For some, eliminating their mortgage early will make financial sense, not to mention the emotional security it provides. In addition to the pros, however, there are potential cons that should be considered, including the following possible obstacles:

  • Illiquidity
  • Increased revolving debt
  • Underfunded retirement
  • Reduced tax deductions

Let’s take a look at each consideration to help you weigh your options and decide if an early mortgage payoff could be right for you.

Illiquidity

Liquidity in finances refers to the ability to convert an asset—your baseball card collection, an heirloom, or your home—into cash. Illiquidity is the opposite: the inability to get cash when you need it, because all your cash is tied up in things. If time or circumstances would cause you to take a loss on liquidating an asset, the asset is illiquid.

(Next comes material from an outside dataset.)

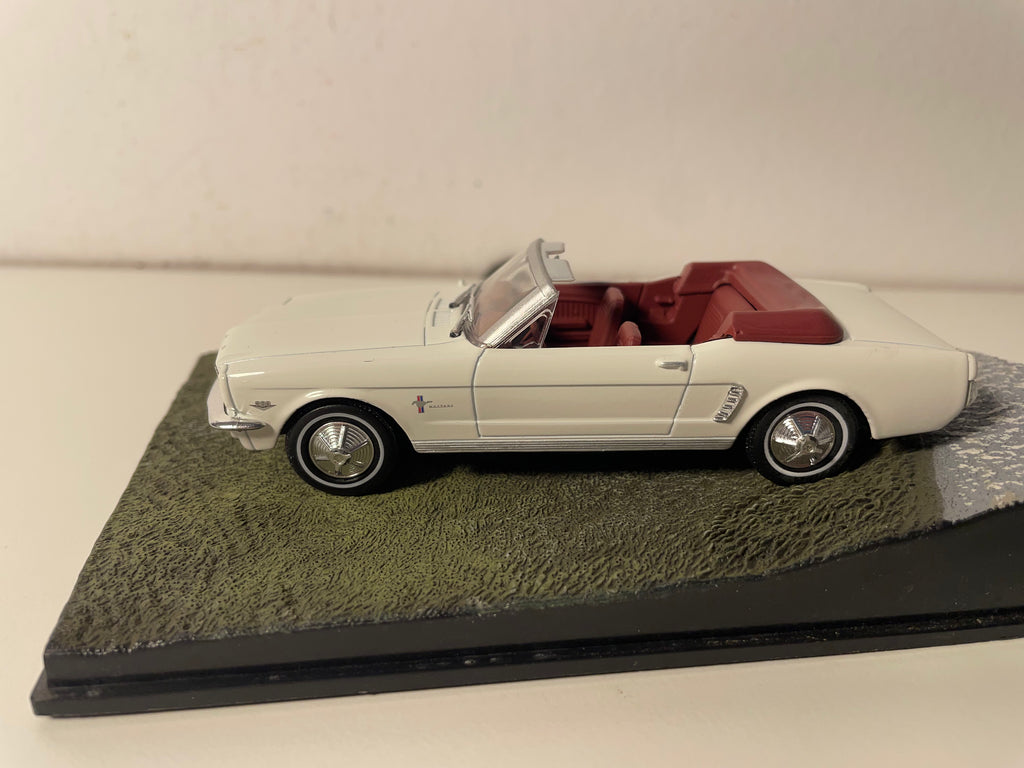 Ford Mustang convertible blanche (blanc cassé) - JAMES BOND - GOLDFINGER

Normally, a mortgage is considered to be illiquid with one exception–a home equity line of credit (HELOC). The equity in your home is accessible quickly through a debit card or check, so you can borrow against that equity with minimal fuss. Suppose you unexpectedly have a leaky roof. A HELOC can provide you access to thousands of dollars at a low interest rate. If your other choice is to put $15,000 on your credit card for a roof replacement, it may make more sense to use your home’s equity and keep your unsecured debt (the credit card) low.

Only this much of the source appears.